Task objective:
Copy word for word the lines in the records below, starting at the line with "Apartamento à venda com 100m², 2 quartos e 2 vagas Apartamento" and ending at the line with "Renault Sandero SANDERO". Skip the pictures.

Data for this task:
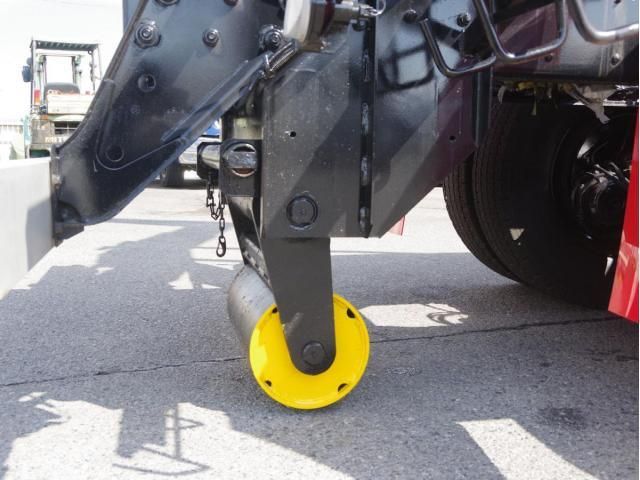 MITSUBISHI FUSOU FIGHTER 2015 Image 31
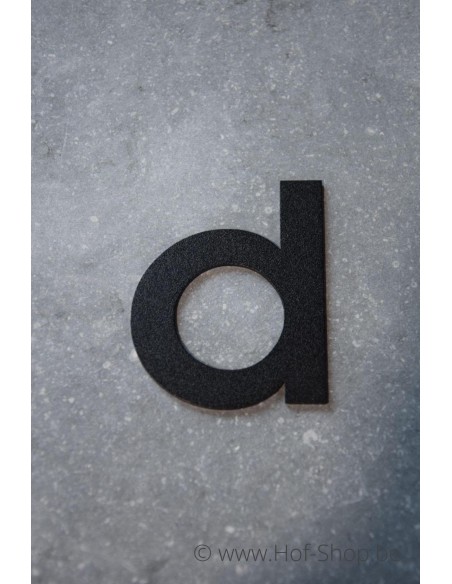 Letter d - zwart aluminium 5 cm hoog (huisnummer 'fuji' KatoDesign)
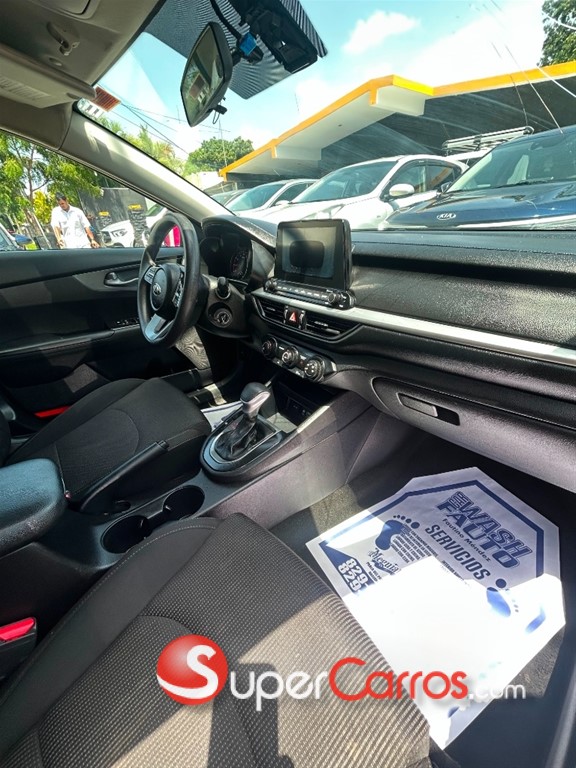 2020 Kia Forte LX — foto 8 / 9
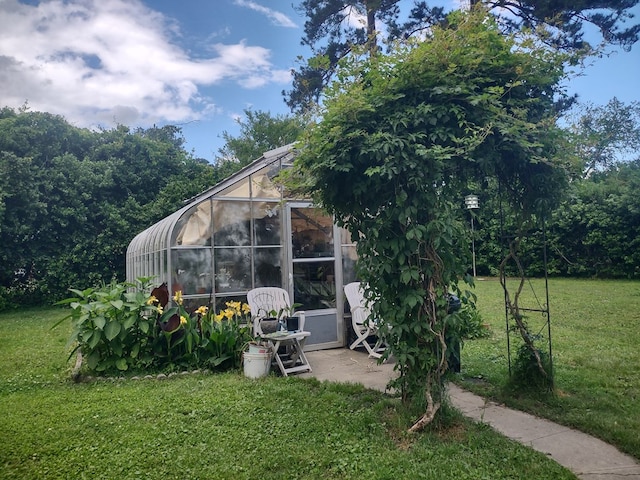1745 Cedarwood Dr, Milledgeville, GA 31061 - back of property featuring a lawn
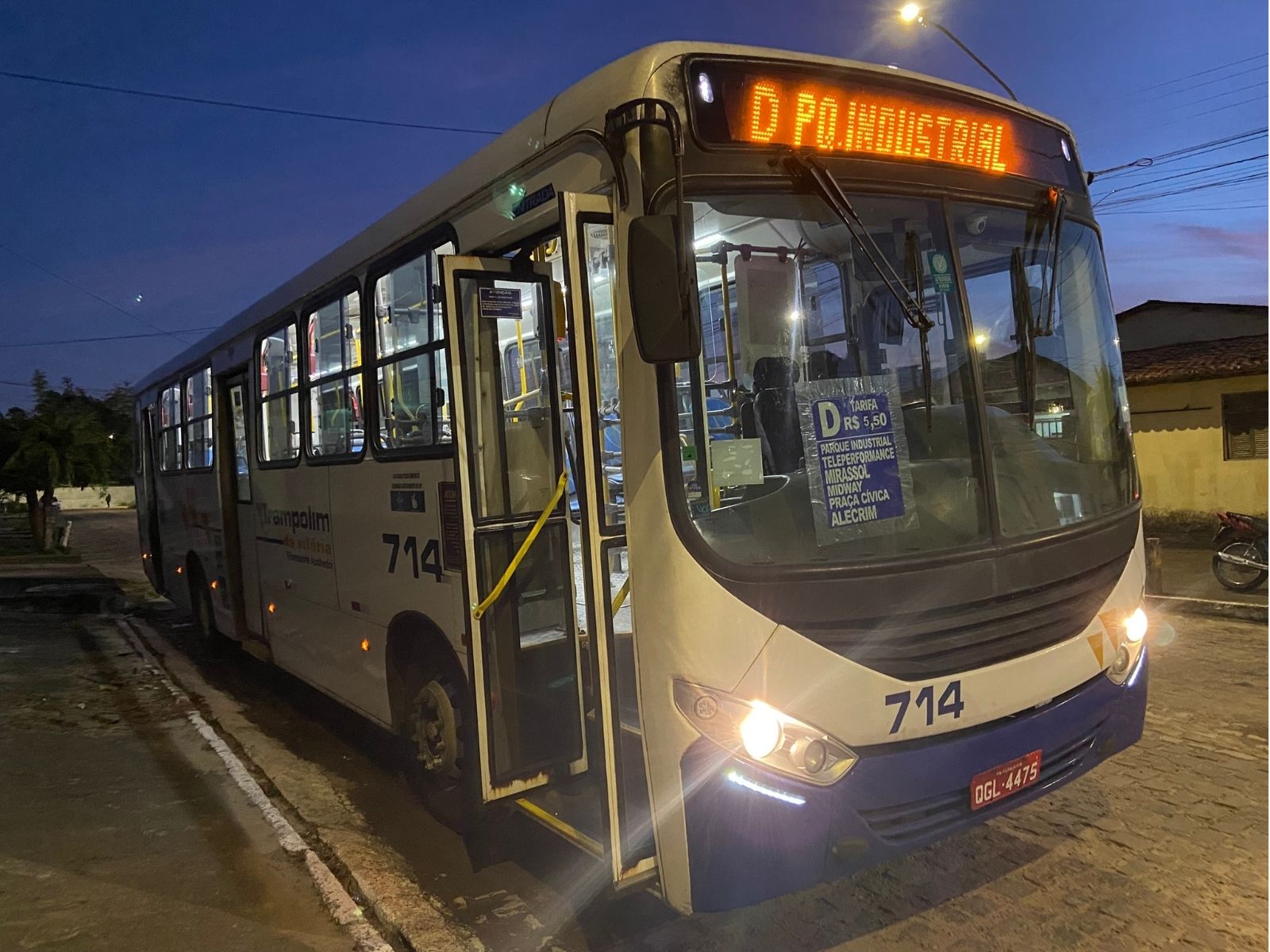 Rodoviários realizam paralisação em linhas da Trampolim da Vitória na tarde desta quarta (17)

==

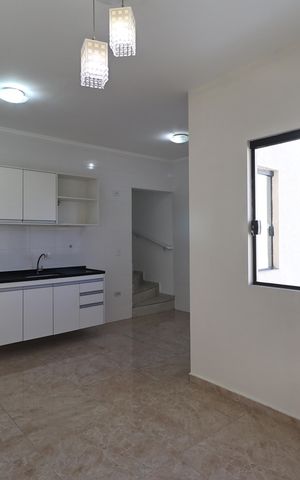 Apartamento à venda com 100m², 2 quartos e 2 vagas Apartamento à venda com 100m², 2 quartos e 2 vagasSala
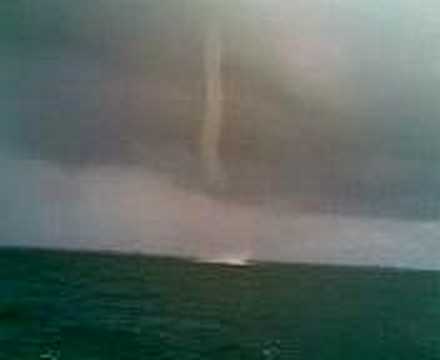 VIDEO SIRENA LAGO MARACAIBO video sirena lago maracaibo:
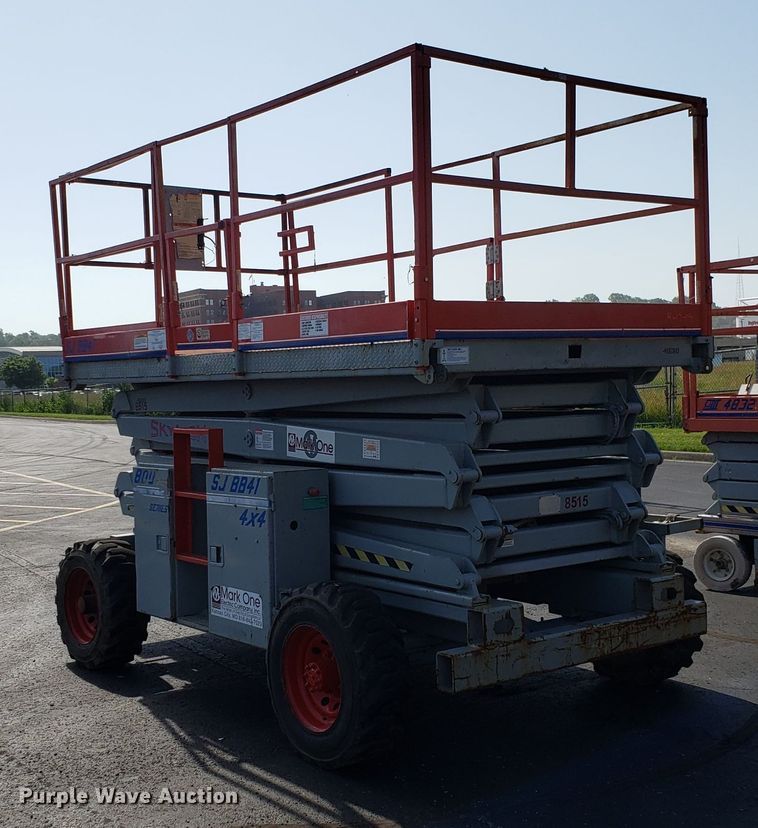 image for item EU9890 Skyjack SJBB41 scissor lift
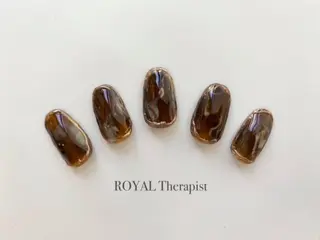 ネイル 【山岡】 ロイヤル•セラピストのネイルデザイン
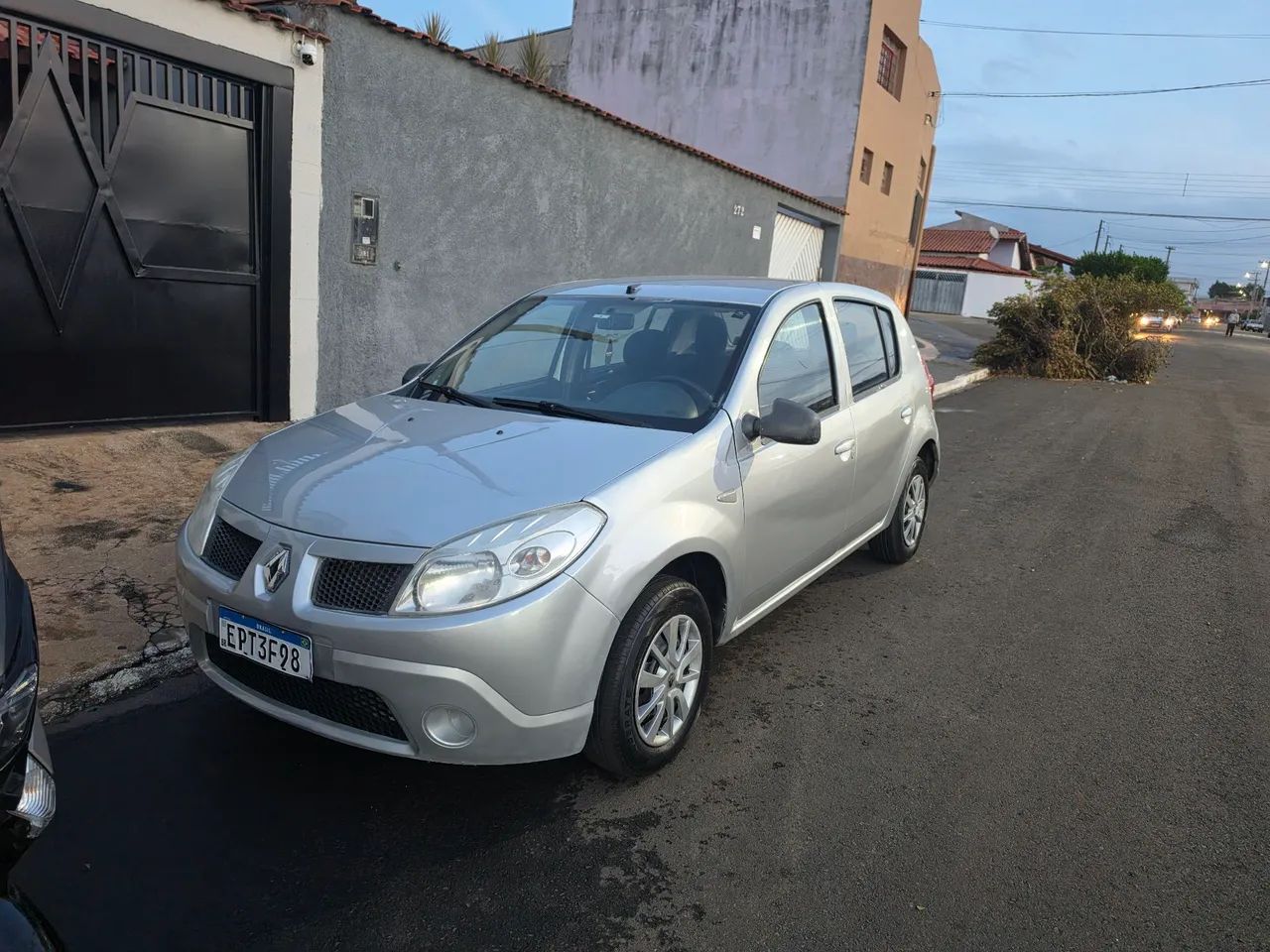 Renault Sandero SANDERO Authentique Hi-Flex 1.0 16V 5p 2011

Answer box:
 Apartamento à venda com 100m², 2 quartos e 2 vagas Apartamento à venda com 100m², 2 quartos e 2 vagasSala
 VIDEO SIRENA LAGO MARACAIBO video sirena lago maracaibo:
 image for item EU9890 Skyjack SJBB41 scissor lift
 ネイル 【山岡】 ロイヤル•セラピストのネイルデザイン
 Renault Sandero SANDERO Authentique Hi-Flex 1.0 16V 5p 2011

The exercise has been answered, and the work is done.